[Brief descriptive captions]
((

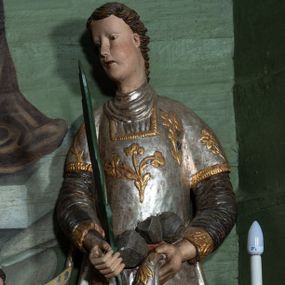 Zdjęcie nr 1: Rzeźba drążona, ścięta z tyłu. Figura zwrócona na wprost, z głową skręconą lekko w prawo. Ręce opuszczone na dół, w prawej zielona palma męczeństwa, w lewej szare kamienie. Twarz pełna, o małych oczach, długim nosie i wąskich ustach. Włosy krótkie, kręcone. Święty jest ubrany w szarą albę, srebrzoną u dołu z rękawami zakończonymi złotą lamówką, srebrny humerał oraz dalmatykę dekorowaną ukwieconymi gałązkami. Polichromia naturalistyczna w partiach ciała.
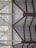 A geometric architectural design featuring triangular and rectangular patterns formed by metal beams and panels. The structures create a symmetrical and modern aesthetic with a combination of horizontal slats and angled beams.
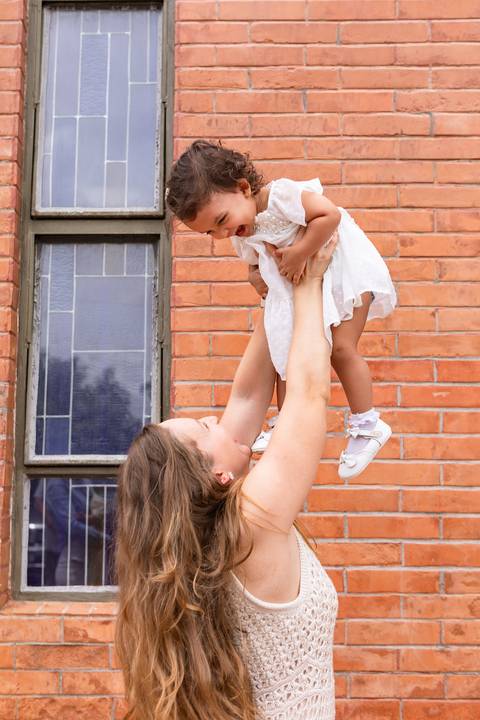 Desenvolvimento saudável e pura espontaneidade infantil. Aurora se divertindo ao ar livre com os pais após a cerimônia de batizado.'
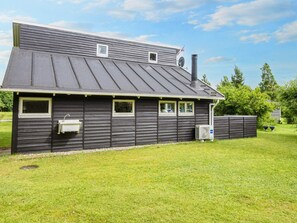 A two-story house with a sloped roof, a chimney, and a fenced yard. - 5 Person Holiday Home in Hovborg (Hovborg)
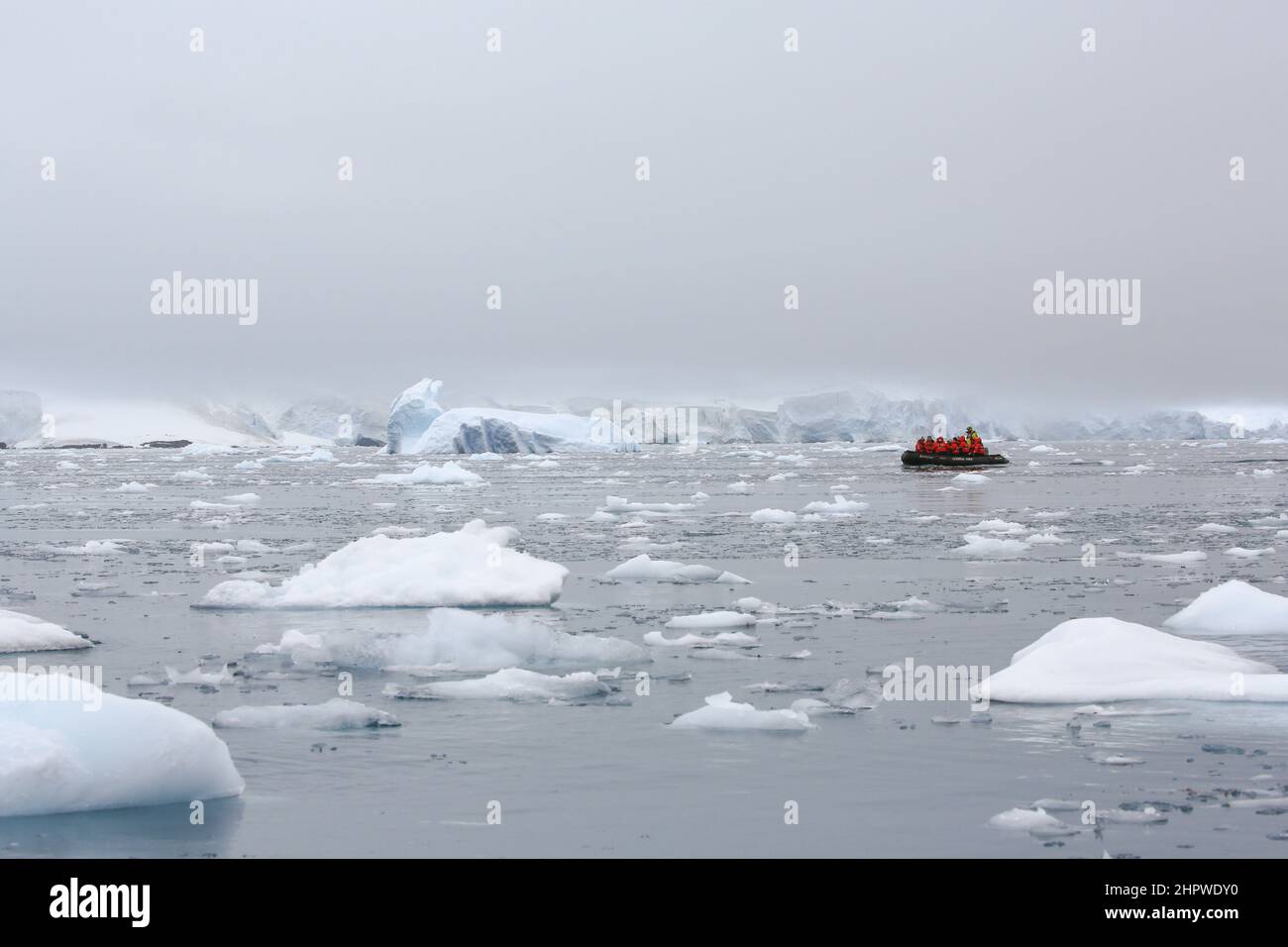 Cruise passengers from Le Boreal cruise ship traversing the ice strewn waters of Paradise Bay in a zodiac boat, just east of Bryde Island, Antarctica. Stock Photo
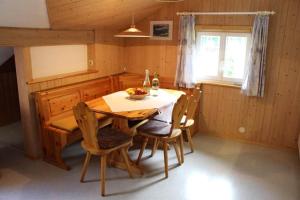 a dining room with a table and chairs and a window at Haus Danna in Sankt Gallenkirch +50 photos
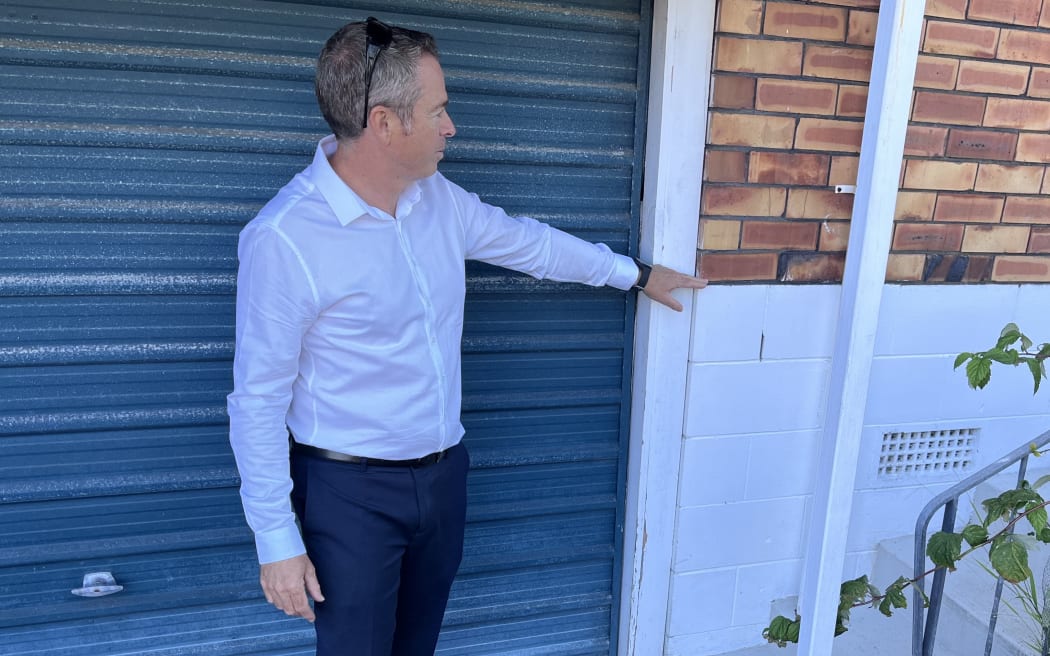 Nick Brown stands in front of a garage door indicating the floor level on a single-storey brick house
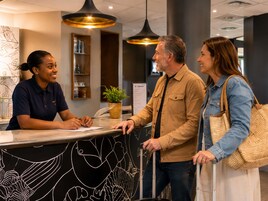 A reception desk with a black and white abstract design, a potted plant, and a menu board in a modern lobby with pendant lighting.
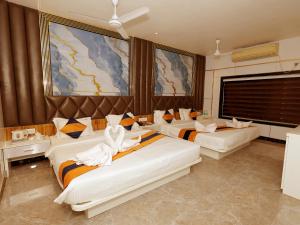 a hotel room with two beds and a large window at N S International in Kolkata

))

A faithful copy of all the data above is required, printed exactly and with no pictures.

* **Answer**
 Zdjęcie nr 1: Rzeźba drążona, ścięta z tyłu. Figura zwrócona na wprost, z głową skręconą lekko w prawo. Ręce opuszczone na dół, w prawej zielona palma męczeństwa, w lewej szare kamienie. Twarz pełna, o małych oczach, długim nosie i wąskich ustach. Włosy krótkie, kręcone. Święty jest ubrany w szarą albę, srebrzoną u dołu z rękawami zakończonymi złotą lamówką, srebrny humerał oraz dalmatykę dekorowaną ukwieconymi gałązkami. Polichromia naturalistyczna w partiach ciała.
 A geometric architectural design featuring triangular and rectangular patterns formed by metal beams and panels. The structures create a symmetrical and modern aesthetic with a combination of horizontal slats and angled beams.
 Desenvolvimento saudável e pura espontaneidade infantil. Aurora se divertindo ao ar livre com os pais após a cerimônia de batizado.'
 A two-story house with a sloped roof, a chimney, and a fenced yard. - 5 Person Holiday Home in Hovborg (Hovborg)
 Cruise passengers from Le Boreal cruise ship traversing the ice strewn waters of Paradise Bay in a zodiac boat, just east of Bryde Island, Antarctica. Stock Photo
 a dining room with a table and chairs and a window at Haus Danna in Sankt Gallenkirch +50 photos
 Nick Brown stands in front of a garage door indicating the floor level on a single-storey brick house
 A reception desk with a black and white abstract design, a potted plant, and a menu board in a modern lobby with pendant lighting.
 a hotel room with two beds and a large window at N S International in Kolkata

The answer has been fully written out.